Cleanup of North Slope's record spill continues

Published: March 14, 2006 

PRUDHOE BAY, Alaska (AP) - Heavily bundled crews braved merciless cold Monday to continue cleaning up the largest crude oil spill ever on Alaska's North Slope.

Cleaning up the spill estimated at up to 267,000 gallons in the Prudhoe Bay oil field has been slow going because workers are having to take frequent breaks to protect themselves against extreme conditions. As of Monday, about 60,000 gallons - or 1,428 barrels - of crude had been recovered since the leak from a ruptured transit line was discovered March 2 by an operator with oil giant BP's Alaska subsidiary.

"There's still a lot of work to be done under very trying conditions," said Dan Larson, a BP spokesman visiting the site Monday.

In recent days, temperatures here plunged to 70 degrees below zero with the wind chill, barely warming to 44 below on Monday as workers attacked the spill that seeped into almost two acres of snow covering the tundra.

Crews in arctic gear vacuumed molasses-colored oil that has pooled in some places, using small front-end loaders to carry fresh snow to other spots to absorb the crude. They used dump trucks to transfer the contaminated snow to a concrete pad. The mixture will be melted later and then separated from the crude.

Ultimately the oil will be treated and sent to market, according to BP officials.

Spill responders at the site said the work was going as well as expected, considering the harsh environment, where winds can churn the snow into a blind frenzy and workers can become dehydrated in the arctic desert conditions. The goal is to collect at least 90 percent of the spilled crude.

"Hopefully, the tundra will recover," said Ed Meggert with the Alaska Department of Environmental Conservation. "It's never going to be perfect."

Officials emphasize the Prudhoe spill bears a relatively small imprint, taking up a size smaller than two football fields in a vast industrial hub traversed by a network of pipelines, oil gathering stations and power plants. And despite the numbing weather, winter conditions are actually helping recovery, turning oil thick as honey, so it doesn't spread as quickly as it would in warmer temperatures.

"But the downsize is, it's friggin' cold," Larson said.

The spill is dwarfed by the 11-million gallon spill when the tanker Exxon Valdez ran aground in Prince William Sound in 1989. But the Prudhoe Bay spill far surpasses the previous North Slope record of 38,000 gallons set in 2001.

BP officials and state regulators said the crude leaked from a quarter-inch hole apparently caused by internal corrosion in the transit line. The 34-inch diameter line leads to the trans-Alaska oil pipeline on remote wind-scraped flatlands in Alaska's north coast near the Beaufort Sea.

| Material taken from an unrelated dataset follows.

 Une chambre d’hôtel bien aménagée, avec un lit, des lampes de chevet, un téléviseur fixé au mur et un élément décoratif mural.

Workers on Saturday repaired the rupture, welding a metal sleeve on a six-foot section of the three-mile transit line. Crews also are inspecting the line as part of a comprehensive analysis to determine if it can withstand resuming production.

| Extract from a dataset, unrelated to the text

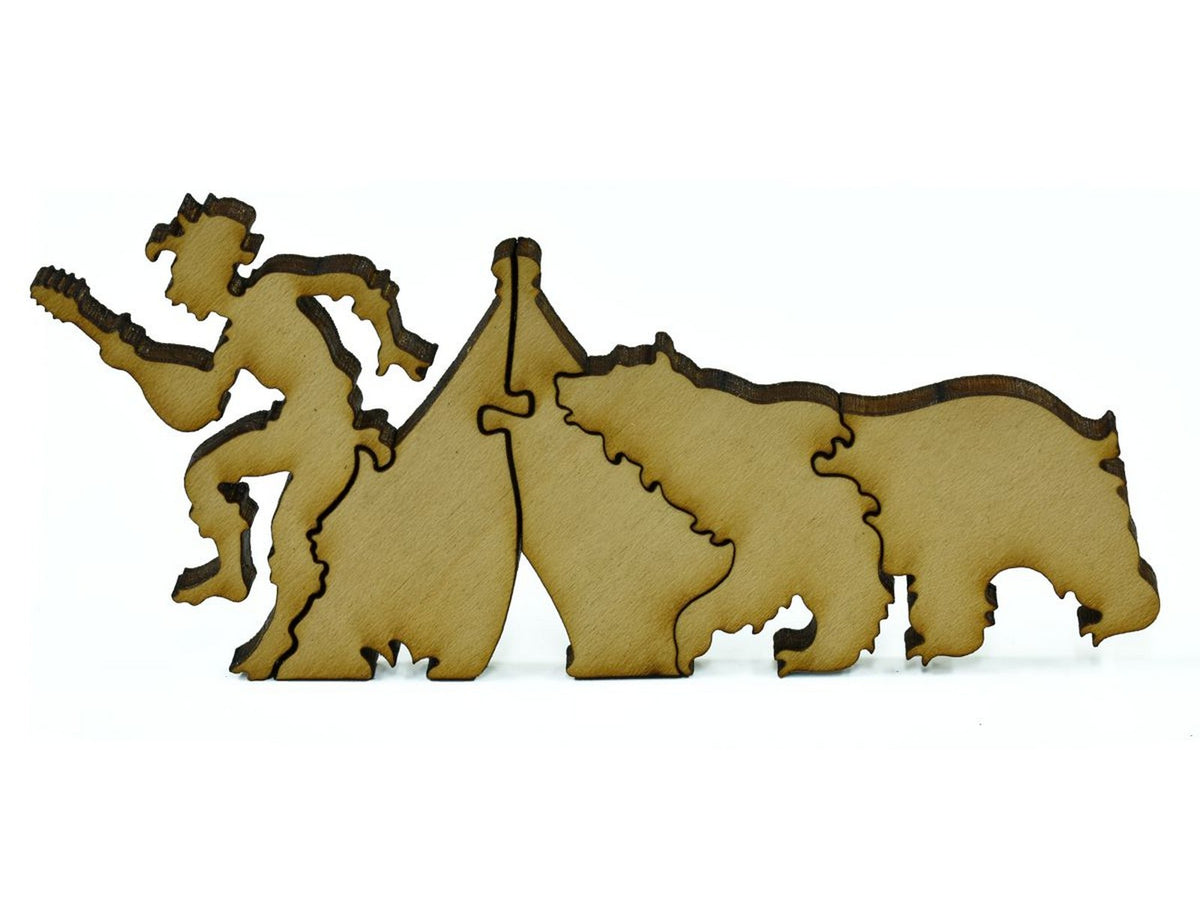 A closeup of pieces in the shape of a bear next to a camper.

The plant, 650 miles north of Anchorage, usually processes 100,000 barrels of oil daily - slightly less than 10 percent of the daily flow through the 800-mile trans-Alaska pipeline. Full production is not expected to resume for a week or more, said BP incident commander James Fausett.

For now, a six-inch pipeline is being used for production of 5,000 barrels daily. BP also is looking at an optional plan to reroute the crude through another pipeline.

Critics have said the massive spill is the latest result of the oil industry's failure to properly maintain the North Slope's aging infrastructure.

The pipeline is equipped with a leak detection system, but officials do not know when the crude began trickling out of the line. The rupture occurred inside pipe insulation in a low-lying section constructed to let caribou pass.

BP will investigate whether the detection system installed in 2003 was working at the time of the leak, Fausett said. The equipment - which succeeded in tests at the time of installation - is designed to detect a 1 percent drop in the oil flow over a 24-hour period, as required by state law.

Another unknown is the extent of regulatory penalties BP is facing. But officials with the Alaska Department of Environmental Conservation said the company will end up paying a fine mandated by state law for a crude spill larger than 18,000 gallons.

"It's set up as an incentive for people to really get cracking on cleanup," said Leslie Pearson, a DEC response official.

The fine is derived by subtracting the amount collected in the first 36 hours, in this case, slightly more than 21,000 gallons. Under that calculation, the cost to BP would be close to $2 million if the estimate of spilled oil is 267,000 gallons.